»»

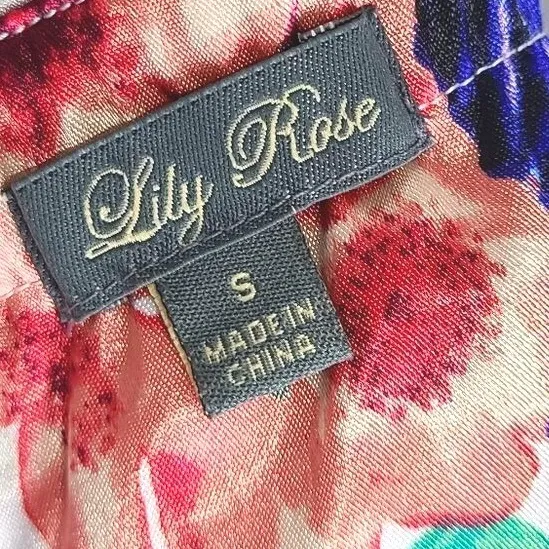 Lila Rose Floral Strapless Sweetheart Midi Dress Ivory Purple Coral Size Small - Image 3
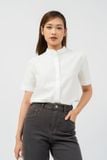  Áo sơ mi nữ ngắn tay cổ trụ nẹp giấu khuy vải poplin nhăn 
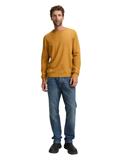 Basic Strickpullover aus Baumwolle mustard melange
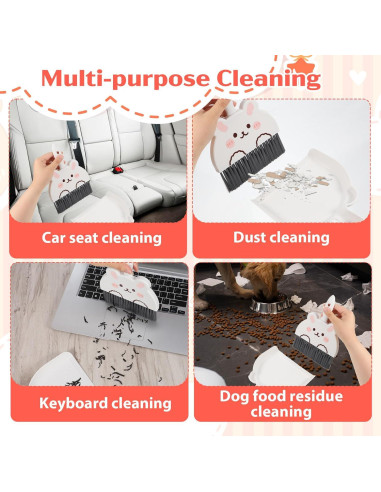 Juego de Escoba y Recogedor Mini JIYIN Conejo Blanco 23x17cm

««
»»

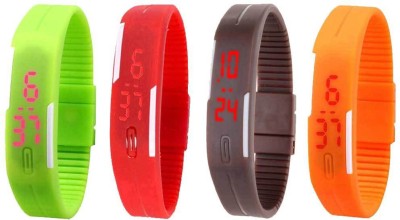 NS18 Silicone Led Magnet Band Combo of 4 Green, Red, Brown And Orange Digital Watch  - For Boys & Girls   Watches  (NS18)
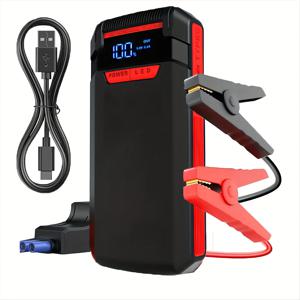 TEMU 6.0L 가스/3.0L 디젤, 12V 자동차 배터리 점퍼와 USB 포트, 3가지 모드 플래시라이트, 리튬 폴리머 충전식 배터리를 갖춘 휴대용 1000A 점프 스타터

««

**What is expected**
With the pictures left out, write out exactly the lines above from the one containing "NS18 Silicone Led" through the one containing "TEMU 6.0L 가스/3.0L".

**Finished task**
 NS18 Silicone Led Magnet Band Combo of 4 Green, Red, Brown And Orange Digital Watch  - For Boys & Girls   Watches  (NS18)
 TEMU 6.0L 가스/3.0L 디젤, 12V 자동차 배터리 점퍼와 USB 포트, 3가지 모드 플래시라이트, 리튬 폴리머 충전식 배터리를 갖춘 휴대용 1000A 점프 스타터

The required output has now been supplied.